Nos últimos dias, a imprensa nacional tem veiculado reportagens referentes ao projeto de lei do presidente da Câmara Federal, Aldo Rebelo (PCdoB-SP), que prevê a obrigatoriedade de adição de fécula/amido de mandioca na farinha destinada ao pão francês. Alguns entrevistados têm tentado denegrir a imagem dos deputados que integram a comissão especial destinada a proferir parecer sobre o projeto de lei, alegando que 80% deles têm ligação com o setor da mandioca. Afirmamos, com segurança, que se está tentando confundir e manipular a opinião do consumidor.

Devemos esclarecer que não temos conhecimento de nenhum deputado que tenha, ou teve, qualquer ligação com o setor. Muito pelo contrário, o presidente da comissão especial, deputado federal Moacir Micheletto, que tem sua base no município de Assis Chateaubriand, se orgulha de dizer que seu município é o maior produtor de trigo do Brasil.
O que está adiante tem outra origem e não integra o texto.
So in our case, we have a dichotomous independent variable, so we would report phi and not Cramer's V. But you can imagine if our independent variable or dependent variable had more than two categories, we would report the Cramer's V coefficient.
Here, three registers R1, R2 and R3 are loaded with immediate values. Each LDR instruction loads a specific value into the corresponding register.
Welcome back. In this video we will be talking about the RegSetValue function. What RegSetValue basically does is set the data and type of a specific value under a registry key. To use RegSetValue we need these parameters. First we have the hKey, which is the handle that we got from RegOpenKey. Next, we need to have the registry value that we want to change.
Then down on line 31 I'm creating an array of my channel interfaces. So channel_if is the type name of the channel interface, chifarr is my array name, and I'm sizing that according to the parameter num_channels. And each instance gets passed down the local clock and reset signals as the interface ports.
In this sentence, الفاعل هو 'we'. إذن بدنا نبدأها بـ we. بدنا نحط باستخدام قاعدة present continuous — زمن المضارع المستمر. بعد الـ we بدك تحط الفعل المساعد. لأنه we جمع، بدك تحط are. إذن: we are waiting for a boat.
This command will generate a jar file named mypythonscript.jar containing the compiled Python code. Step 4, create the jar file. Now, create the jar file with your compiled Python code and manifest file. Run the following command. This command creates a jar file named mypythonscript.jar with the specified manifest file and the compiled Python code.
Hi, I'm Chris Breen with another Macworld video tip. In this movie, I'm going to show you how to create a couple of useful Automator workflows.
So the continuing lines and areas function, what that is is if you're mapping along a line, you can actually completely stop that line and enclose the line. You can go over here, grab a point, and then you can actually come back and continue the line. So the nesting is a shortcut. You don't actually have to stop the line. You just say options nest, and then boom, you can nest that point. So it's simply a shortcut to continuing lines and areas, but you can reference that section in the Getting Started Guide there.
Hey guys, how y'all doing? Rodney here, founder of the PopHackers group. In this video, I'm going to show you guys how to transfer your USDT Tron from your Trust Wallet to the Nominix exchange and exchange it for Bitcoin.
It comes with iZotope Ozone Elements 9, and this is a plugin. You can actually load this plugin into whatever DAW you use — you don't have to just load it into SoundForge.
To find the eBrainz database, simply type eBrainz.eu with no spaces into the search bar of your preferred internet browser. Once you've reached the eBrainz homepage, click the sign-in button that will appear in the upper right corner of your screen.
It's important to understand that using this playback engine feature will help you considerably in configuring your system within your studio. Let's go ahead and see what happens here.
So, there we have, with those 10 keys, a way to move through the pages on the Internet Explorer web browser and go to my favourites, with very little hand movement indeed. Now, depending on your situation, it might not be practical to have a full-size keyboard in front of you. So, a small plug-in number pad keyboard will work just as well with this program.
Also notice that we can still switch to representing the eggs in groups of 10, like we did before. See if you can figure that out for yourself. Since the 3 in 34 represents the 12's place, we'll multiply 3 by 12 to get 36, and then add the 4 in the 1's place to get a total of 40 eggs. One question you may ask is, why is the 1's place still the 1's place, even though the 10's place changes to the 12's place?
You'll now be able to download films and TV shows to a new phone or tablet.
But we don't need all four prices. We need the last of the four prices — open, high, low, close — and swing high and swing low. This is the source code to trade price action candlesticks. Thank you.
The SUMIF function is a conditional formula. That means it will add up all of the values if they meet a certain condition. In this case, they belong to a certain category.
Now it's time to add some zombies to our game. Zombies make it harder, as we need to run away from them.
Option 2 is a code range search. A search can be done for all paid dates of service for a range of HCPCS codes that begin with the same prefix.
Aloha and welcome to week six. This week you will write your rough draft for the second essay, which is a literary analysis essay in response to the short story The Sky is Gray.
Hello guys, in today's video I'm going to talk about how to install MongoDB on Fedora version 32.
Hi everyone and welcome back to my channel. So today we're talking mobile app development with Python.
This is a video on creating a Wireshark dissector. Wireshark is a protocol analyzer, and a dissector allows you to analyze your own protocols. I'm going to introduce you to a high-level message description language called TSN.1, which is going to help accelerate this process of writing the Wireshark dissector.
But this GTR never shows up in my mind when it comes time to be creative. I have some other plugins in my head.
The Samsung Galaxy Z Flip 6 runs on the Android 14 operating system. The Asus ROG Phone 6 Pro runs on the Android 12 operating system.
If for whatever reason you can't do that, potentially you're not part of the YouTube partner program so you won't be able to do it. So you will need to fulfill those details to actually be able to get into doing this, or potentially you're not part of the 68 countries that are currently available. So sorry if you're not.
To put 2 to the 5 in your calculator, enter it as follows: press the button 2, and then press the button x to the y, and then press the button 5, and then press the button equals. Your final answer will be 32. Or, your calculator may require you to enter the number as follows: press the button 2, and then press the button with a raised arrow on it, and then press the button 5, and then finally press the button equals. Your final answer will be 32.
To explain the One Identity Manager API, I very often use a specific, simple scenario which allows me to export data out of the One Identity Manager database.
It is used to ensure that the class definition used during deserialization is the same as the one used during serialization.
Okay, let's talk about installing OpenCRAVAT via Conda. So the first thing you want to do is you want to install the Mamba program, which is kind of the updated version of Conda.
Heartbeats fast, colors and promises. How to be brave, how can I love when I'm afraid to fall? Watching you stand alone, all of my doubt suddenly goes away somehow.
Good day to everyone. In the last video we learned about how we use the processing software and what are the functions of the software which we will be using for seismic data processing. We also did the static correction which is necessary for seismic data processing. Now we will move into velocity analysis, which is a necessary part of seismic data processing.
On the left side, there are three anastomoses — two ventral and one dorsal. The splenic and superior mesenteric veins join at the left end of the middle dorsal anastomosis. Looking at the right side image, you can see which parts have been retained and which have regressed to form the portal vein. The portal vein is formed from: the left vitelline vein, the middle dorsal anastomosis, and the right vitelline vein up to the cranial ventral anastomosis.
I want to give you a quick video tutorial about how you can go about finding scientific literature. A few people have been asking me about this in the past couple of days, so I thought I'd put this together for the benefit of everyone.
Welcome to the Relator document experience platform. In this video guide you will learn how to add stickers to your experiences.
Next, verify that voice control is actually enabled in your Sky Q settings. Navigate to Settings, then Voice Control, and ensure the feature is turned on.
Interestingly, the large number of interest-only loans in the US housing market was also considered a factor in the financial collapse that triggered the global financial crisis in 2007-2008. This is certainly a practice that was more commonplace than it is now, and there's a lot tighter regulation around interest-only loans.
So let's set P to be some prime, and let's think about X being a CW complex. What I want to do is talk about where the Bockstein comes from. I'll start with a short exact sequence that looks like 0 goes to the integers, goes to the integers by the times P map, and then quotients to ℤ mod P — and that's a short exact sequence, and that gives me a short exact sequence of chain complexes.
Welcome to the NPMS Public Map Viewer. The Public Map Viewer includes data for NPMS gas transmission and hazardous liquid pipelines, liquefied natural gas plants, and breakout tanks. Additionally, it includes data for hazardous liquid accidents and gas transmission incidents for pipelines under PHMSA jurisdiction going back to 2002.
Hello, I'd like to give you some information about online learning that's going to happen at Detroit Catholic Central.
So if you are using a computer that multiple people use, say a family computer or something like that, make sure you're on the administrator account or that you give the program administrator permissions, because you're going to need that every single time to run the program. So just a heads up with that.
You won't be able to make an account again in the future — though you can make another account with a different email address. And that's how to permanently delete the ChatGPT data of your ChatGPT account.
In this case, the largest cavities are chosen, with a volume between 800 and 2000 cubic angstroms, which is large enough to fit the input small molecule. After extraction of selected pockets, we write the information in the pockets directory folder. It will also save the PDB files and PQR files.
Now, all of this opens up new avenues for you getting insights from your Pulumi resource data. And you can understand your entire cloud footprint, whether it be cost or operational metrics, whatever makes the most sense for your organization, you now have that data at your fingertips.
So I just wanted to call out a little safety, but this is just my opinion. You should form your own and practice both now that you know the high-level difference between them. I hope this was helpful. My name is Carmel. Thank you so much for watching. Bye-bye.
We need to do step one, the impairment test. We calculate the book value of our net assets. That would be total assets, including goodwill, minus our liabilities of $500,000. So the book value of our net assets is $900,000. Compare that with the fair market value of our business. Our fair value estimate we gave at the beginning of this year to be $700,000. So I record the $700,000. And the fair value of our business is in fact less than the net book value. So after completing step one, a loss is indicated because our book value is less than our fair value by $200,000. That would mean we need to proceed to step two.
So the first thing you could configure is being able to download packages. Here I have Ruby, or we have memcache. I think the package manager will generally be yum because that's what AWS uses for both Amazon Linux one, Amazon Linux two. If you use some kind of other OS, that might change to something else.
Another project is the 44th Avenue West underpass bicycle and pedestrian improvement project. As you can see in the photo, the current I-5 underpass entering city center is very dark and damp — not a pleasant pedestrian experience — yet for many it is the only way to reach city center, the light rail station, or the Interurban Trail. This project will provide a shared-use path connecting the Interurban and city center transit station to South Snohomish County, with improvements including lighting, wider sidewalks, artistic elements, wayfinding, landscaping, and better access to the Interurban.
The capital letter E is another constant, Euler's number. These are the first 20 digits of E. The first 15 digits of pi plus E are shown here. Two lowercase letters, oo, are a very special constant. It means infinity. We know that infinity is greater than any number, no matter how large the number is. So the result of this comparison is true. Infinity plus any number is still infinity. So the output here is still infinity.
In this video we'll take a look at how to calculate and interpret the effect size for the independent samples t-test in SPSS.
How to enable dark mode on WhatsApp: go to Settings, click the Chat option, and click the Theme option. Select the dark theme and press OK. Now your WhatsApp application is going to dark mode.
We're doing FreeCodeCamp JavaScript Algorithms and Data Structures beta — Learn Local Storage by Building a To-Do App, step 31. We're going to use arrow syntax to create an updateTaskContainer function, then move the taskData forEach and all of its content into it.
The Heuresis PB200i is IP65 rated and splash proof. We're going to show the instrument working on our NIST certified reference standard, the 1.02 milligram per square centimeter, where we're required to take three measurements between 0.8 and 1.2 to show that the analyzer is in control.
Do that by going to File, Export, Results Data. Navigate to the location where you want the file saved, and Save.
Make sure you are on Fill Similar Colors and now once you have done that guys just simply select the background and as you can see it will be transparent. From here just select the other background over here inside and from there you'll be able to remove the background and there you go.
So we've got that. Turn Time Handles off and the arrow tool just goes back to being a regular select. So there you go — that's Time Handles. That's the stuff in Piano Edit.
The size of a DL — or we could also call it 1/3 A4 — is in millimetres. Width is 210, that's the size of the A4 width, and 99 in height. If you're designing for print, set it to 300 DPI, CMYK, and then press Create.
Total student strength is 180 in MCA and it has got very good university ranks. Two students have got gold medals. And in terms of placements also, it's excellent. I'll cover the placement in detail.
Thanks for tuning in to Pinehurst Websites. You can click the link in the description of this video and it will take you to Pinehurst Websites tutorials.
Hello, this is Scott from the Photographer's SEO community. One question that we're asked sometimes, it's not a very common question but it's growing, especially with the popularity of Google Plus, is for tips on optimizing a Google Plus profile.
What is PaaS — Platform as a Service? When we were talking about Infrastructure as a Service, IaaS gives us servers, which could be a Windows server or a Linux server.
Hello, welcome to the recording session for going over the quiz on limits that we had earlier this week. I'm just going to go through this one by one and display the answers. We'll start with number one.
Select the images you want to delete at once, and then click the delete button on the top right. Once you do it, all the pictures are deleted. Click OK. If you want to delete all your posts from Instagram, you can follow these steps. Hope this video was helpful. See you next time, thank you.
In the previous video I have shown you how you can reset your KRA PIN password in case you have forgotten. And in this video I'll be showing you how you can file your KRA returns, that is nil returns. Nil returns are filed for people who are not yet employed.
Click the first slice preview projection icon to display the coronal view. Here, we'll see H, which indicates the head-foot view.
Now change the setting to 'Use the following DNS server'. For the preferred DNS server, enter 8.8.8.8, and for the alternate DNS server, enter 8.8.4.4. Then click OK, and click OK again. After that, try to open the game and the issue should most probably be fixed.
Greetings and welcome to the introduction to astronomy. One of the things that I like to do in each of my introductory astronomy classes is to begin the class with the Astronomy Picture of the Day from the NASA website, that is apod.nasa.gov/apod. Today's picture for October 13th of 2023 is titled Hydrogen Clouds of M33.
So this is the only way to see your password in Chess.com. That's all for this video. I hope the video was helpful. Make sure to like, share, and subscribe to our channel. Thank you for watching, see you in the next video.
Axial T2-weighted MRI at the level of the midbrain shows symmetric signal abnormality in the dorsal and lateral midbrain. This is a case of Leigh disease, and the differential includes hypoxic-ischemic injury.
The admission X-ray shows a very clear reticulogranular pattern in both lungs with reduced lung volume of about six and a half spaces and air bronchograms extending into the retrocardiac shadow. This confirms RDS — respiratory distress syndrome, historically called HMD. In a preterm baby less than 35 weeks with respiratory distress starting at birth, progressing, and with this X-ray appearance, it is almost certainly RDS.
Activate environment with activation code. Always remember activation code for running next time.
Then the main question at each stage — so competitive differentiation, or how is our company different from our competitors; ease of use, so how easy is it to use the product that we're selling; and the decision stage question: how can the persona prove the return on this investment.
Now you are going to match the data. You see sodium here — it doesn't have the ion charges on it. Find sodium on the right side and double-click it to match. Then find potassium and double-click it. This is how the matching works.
Assis Chateaubriand lidera a produção nacional de trigo, e, segundo dados do IBGE (Instituto Brasileiro de Geografia e Estatística), aumentou sua área cultivada em 10.000 ha, o que levou a um acréscimo de 28% na produção, fazendo com que ultrapassasse Tibagi (PR) e Palmeira das Missões (RS), os dois maiores produtores de trigo de 2004. As 96 mil toneladas produzidas em Assis Chateaubriand representam 2,06% da produção nacional e 3,47% da paranaense.

O setor de mandioca, no qual 75% de seus produtores têm áreas com menos de 10 hectares, e gera mais de um milhão de postos de trabalho no Brasil, poderá, com a aprovação deste projeto, contar com mais de 100 mil novos brasileiros envolvidos com a cultura, a partir dos postos de trabalho que propiciará. Isso deve ser dito a pessoas ligadas à indústria do trigo, que alegam que este projeto poderia causar 100 mil desempregos no setor do trigo. Essas são conjecturas que não se comprovam, pois hoje, no Brasil, os moinhos de trigo geram, aproximadamente, 10 mil empregos; e, no campo, por ser a cultura totalmente mecanizada, há poucos agricultores envolvidos com a atividade.

Quando se tenta a imagem dos deputados, assim como a viabilidade de adição do amido/fécula de mandioca à farinha de trigo, o que se percebe é que há desinformação dos interlocutores. No ano de 2002, quando houve falta de trigo no mercado internacional, e os preços aumentaram muito no Brasil, os setores de panificação, macarrão e biscoitos compraram mais de 250 mil toneladas de fécula/amido de mandioca para adicionar em seus produtos, que, industrializados, foram consumidos em larga escala pelo consumidor brasileiro, e até do estrangeiro, que nunca perceberam qualquer diferença de sabor, e nem tiveram sua saúde prejudicada, como querem alegar os mal informados.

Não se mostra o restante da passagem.